子供たちにとって道祖神や石仏は信仰の対象にはなっていないが、バチがあたりそうなのでなんとなくいたずらは控えていた。

学生服
よくシワの入った、年季の入った学生服である。授業中でも放課後も、学生服で過ごしていたのがよくわかる。擦れるところはテカテカと光っていた。

万年筆
この時代は、シャーペンやボールペンはまだ一般的ではなかった。ゆえに万年筆と思われる。入学祝いか何かで買ってもらった万年筆を胸ポケットにさし、「僕は中学生!」と主張しているのである。
しかし、万年筆の使い方がよくわからず、鉛筆のように力を入れてしまうので、ペン先が壊れてしまうのも常だった。

中学生
金ボタンをしっかりかけて、カラーもきちんと留めている。写真を撮るのでだらしない格好はできないというのでこうしたのだろうか。いや、そこまで気はまわらないだろう。これが普通の着方なのである。

小学生
小学生の女の子である。この時代になると、小学生とくに女の子のスタイルは基本的に現代と同じで、私服であった。髪の毛もおかっぱでなければならないということはなかったようだ。

幼児
ちょっと恐そうに乗用玩具に乗っている。手は車体をしっかりとつかみ、顔も緊張している。
こんな幼児を小学生や中学生のお兄さん、お姉さんたちが面倒を見ている時代でもあった。塾やゲーム、スマホに忙しい現代の子供たちにはとてもできないことである。

乗用玩具
子供が乗って足で漕ぐと前へ進むように作られていた。現代でも、小さな子供のいる家にはよくある。
しかし、この写真の玩具は普通のものより一回り大きく、がっしり作られている。
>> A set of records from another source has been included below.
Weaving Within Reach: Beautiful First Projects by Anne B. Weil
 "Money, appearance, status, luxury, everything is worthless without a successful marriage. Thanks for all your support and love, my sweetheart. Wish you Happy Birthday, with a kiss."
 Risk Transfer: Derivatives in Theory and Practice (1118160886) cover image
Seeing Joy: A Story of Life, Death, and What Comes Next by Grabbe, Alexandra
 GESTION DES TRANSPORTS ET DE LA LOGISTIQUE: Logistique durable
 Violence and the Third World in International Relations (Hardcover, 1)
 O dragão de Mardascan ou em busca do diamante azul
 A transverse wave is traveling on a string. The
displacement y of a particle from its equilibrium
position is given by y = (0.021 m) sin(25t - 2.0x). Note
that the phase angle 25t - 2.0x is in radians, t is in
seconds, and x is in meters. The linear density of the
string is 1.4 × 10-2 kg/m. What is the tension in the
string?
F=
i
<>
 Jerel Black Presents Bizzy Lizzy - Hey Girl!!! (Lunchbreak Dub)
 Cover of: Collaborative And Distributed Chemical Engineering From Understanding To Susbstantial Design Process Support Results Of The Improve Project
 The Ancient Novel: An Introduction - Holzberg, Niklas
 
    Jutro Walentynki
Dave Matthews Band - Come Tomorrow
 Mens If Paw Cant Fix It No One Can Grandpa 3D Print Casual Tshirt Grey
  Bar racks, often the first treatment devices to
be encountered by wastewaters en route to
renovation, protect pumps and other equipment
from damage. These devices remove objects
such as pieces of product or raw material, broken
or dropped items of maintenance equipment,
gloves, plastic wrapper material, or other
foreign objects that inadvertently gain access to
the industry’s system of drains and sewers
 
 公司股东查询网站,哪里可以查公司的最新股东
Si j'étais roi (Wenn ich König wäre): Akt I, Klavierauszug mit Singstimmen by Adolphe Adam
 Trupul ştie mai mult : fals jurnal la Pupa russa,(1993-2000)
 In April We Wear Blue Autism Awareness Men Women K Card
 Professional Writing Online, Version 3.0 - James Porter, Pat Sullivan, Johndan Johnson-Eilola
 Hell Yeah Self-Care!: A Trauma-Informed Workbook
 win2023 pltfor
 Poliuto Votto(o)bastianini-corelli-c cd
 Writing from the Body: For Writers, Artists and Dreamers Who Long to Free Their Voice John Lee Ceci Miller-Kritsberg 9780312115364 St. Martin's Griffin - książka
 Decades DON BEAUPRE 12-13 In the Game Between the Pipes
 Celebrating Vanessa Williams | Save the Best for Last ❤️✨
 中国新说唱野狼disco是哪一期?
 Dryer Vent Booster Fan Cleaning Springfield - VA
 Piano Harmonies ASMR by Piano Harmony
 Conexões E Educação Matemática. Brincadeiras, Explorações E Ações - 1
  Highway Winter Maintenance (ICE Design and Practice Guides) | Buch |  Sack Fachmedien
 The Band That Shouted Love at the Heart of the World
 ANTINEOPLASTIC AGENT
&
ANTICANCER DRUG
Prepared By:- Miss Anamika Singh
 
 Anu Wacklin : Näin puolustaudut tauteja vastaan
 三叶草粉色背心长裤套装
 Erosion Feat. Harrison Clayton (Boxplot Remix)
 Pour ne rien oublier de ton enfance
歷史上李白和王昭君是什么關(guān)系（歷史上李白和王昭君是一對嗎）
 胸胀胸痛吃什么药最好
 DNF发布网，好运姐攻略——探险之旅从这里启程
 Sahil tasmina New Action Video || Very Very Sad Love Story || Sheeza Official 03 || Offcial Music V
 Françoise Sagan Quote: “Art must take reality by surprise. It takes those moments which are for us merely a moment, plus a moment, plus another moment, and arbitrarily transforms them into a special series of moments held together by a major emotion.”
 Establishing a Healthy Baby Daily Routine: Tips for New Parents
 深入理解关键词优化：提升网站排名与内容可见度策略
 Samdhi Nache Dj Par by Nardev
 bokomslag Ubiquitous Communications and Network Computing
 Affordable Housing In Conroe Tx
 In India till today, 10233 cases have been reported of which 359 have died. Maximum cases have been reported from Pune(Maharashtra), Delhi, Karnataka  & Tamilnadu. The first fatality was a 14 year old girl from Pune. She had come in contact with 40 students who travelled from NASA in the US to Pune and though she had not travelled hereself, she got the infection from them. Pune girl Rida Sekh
どうも、この家の親の手作りのようだ。珍しい三輪タイプでもある。

下駄ばき
学生服に下駄ばき。これぞ、当時の正しい中学生の姿と言わねばならない。現代のようなスニーカーなどはなく、常用の履物は下駄か草履。運動靴は高価なものだから、遊びでは履かなかった。ゆえに、現代の子供のように扁平足とか、外反母趾という問題もなかった。